Plantings of aromatic grapes like Gewürztraminer and Muskateller and various German crossings well suited to higher sweetness levels have waned with the popularity of this style, even as producers like Bassermann-Jordan and Koehler-Ruprecht produce stellar sweet and dry versions, respectively, today. Axel Neiss of Weingut Neiss in Kindenheim noted “many old Palatinate varieties are being ripped out and replaced with late-ripening varieties from southern Europe to take advantage of the warmer climate and to see how they work in our hotter, drier summers.” 

In the cellar

The cellars of the Pfalz are some of the oldest and most magnificent I’ve visited. Von Buhl’s tunnelling underground networks date to the time when the prince bishop of Speyer used them to store provisions. Bassermann-Jordan’s burrow seemingly endlessly beneath Deidesheim and once connected with those of neighobring Von Winning. Hidden passages and side chambers are filled with massive old wooden presses from the early 19th century, relics from long before and since, alluding to the cellar’s central role in Deidesheim history. Allegedly, an 1811 "comet Riesling" lurks in there somewhere, too.

In every cellar, you will see row upon row of the same handsome, traditional vessel: Stück and Doppelstück. These casks of German, French, or Austria oak hold the traditional measures of 1200 liters (Stück) or 2400 liters (Doppelstück) favored for the gentle oxygen exchange they facilitate during the maturation of the wines. Most winemakers follow time-honored practices: gentle pressing, long lees time, little racking, bottling close to a full year after harvest, and in some cases giving the bottles another year in cellar before release. Some estates, like Bürklin-Wolf, von Buhl and Jülg, work with native yeasts even for their most prized parcels, but on a selective and sometimes complementary basis with commercial yeasts. 

Of coops and Liebfraumilch

The Pfalz is a giant in German wine production, with every third bottle of German wine purchased in the country coming from the region. More than 100 million vines and close to 3,000 winegrowers are at home here. The Pfalz has 13 coops, long responsible for churning out the region’s value wines. Die Weinmacher and Deutsches Weintor are the two biggest, making wines to send abroad and to fill German supermarket shelves. No doubt much of it goes into the typical dimpled Pfalz pint glasses that are used to hold white wine spritzers known here as Schoppenschorle — “like mother’s milk for us Pfälzer!,” Stefanie Weegmüller noted cheerfully. 

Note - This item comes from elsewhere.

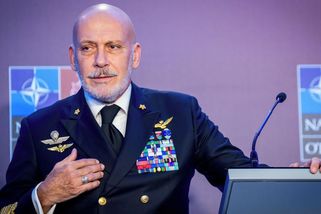 NATO je na případný ruský útok připravené, řekl předseda jeho vojenského výboru - Seznam Zprávy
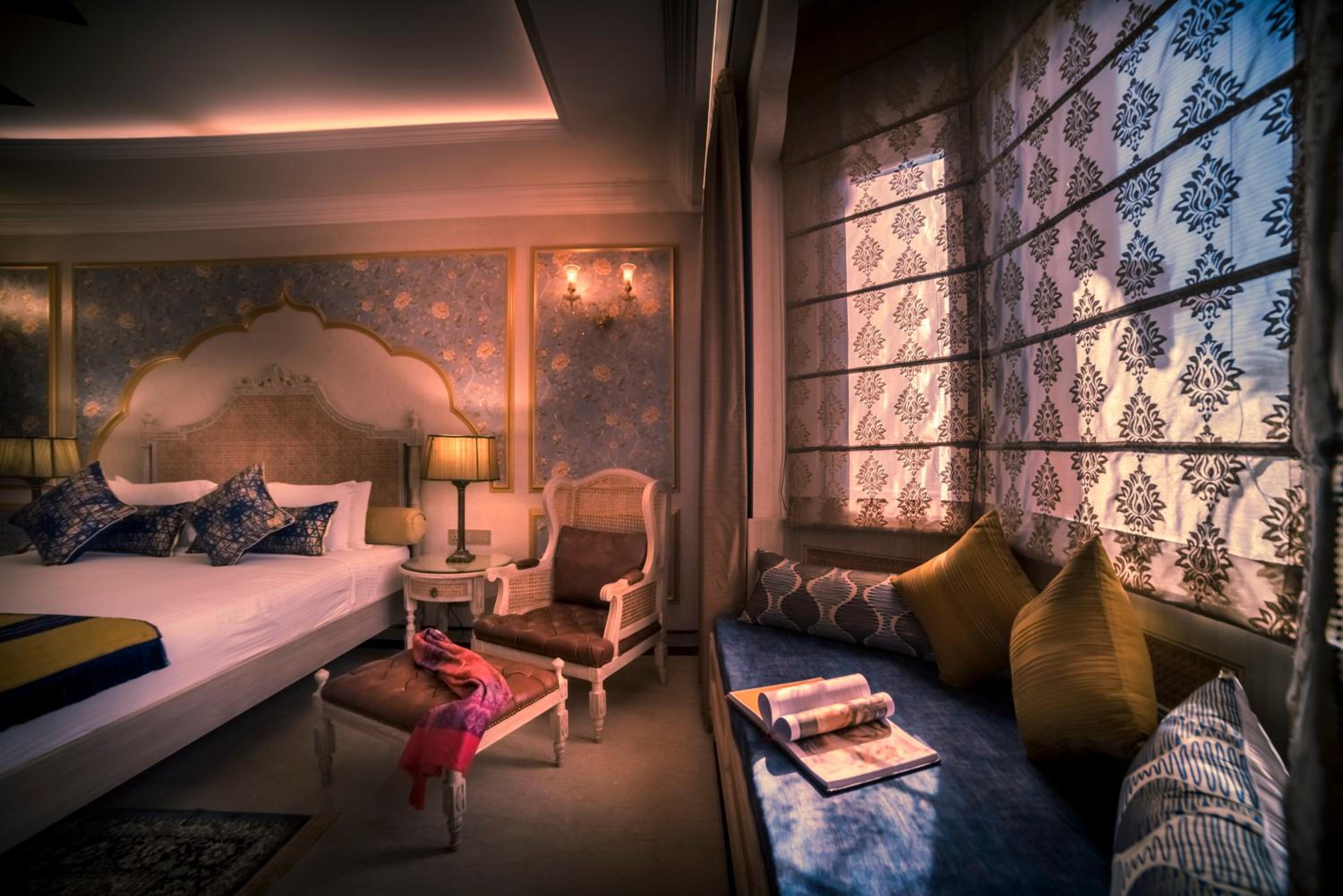 Royal Palace Room - Photo 6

In the past, this productivity has sometimes been a liability, as coops churned out simple inexpensive wine, a good deal of which was sopped up by the infamous Liebfraumilch. Demand for this once wildly popular wine has plummeted in recent years, though one Pfalz producer, Christoph Hammel, sees in it a tradition worth preserving — and a glittering marketing opportunity. “It is a wine that by law can only be produced in the Pfalz and the Rhine regions. We ruined it by making it like toast bread: industrial, sweet, cheap shit. It’s the victim of heartless mass production. But it can be a perfect Sunday afternoon wine. Fresh, relatively low alcohol, off dry, ripe.” A blend of Müller-Thurgau, Riesling, and Scheurebe, Hammel’s provocative Black Madonna Liebfraumilch '17 is super fresh, sagey, peachy, earthy, creamy, long with a balanced sweetness that may change your mind about the style.

Changes

The most critical development here, as everywhere, is climate change. Stefanie Weegmüller of Weingut Weegmüller in Neustadt, who has been making wine for 34 years, recalled that when she was a child, “harvests happened up to mid-November — sometimes in the snow.” But she hasn’t harvested past mid-October for 20 years now. Last year was the earliest harvest in Pfalz history. This year picking had already begun as this article went to print in the third week of August 2018. Harvest times are generally becoming more erratic: At Reichsrat von Buhl in Deidesheim, the last grapes of the 2017 harvest were brought in on September 28; in 2013, the picking had not even begun on that date. Pfalz vintners are grappling with the question of how to handle these fluctuations in terms of vineyard management and labor needs, both of which are becoming more difficult to calculate. Axel Neiss of Weingut Neiss in Kindenheim, noted that in the 2018 growing season, there had been only two rainfalls, but both were drenching downpours. The sudden rain bursts can damage the old, handbuilt dry walls that surround his, and other producers’, most prized parcels, adding the cost of finding and paying trained labor to repair them. Growers are also reevaluating their vineyards to see which may be the “big winners” of climate change, as Mosbacher says of her historically cooler Musenhang parcel.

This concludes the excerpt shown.